Eso sin contar que es un viaje sin éxito garantizado: así superen los riesgos inherentes a la frontera, en Estados Unidos los espera el riesgo de ser deportados.
Muchos centroamericanos están tratando de zafarse de la violencia y la pobreza en la región. Otros han sido animados por los rumores que aseguran que pueden quedarse si logran entrar a Estados Unidos. También están las redes de tráfico de personas, por las que han sido arrestadas 192 personas en el Valle del Río Grande en el último mes.
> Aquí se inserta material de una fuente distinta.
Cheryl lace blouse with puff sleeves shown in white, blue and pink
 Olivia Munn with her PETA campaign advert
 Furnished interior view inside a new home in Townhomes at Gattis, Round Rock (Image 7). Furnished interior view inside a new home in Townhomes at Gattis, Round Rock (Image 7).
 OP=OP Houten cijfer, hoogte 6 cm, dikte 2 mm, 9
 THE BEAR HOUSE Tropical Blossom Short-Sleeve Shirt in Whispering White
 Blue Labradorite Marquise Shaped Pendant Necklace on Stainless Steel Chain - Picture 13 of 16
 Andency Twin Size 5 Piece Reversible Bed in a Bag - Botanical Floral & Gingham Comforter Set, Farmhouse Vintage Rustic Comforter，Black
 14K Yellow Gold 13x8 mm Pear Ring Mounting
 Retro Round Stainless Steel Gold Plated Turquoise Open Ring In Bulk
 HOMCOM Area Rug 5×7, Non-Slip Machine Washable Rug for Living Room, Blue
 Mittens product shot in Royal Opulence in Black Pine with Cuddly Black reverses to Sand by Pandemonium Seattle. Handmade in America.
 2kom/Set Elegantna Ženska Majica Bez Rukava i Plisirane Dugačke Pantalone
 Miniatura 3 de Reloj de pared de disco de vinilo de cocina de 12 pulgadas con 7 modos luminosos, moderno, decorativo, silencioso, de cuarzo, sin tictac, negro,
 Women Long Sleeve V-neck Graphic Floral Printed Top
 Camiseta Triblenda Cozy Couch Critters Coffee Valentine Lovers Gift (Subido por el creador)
Es un tema que ha generado revuelo político internacional, hasta el punto que este viernes se reúnen en la Casa Blanca los mandatarios de Honduras, El Salvador y Guatemala.
El presidente de Estados Unidos, Barack Obama, dijo que se trata de una “situación humanitaria urgente” y se ha esforzado en disuadir, a través de campañas mediáticas, a jóvenes como Aidé que quieren cruzar la frontera.
“LA ALEGRÍA MÁS GRANDE”Aidé está sentada en un albergue temporal creado por la Iglesia del Sagrado Corazón en la ciudad de McAllen, Texas.
En sus manos, presente a pesar de su silencio, duerme plácidamente César. Detrás, un grupo de voluntarios organiza donaciones de ropa y comida y se prepara para recibir a un nuevo grupo de migrantes.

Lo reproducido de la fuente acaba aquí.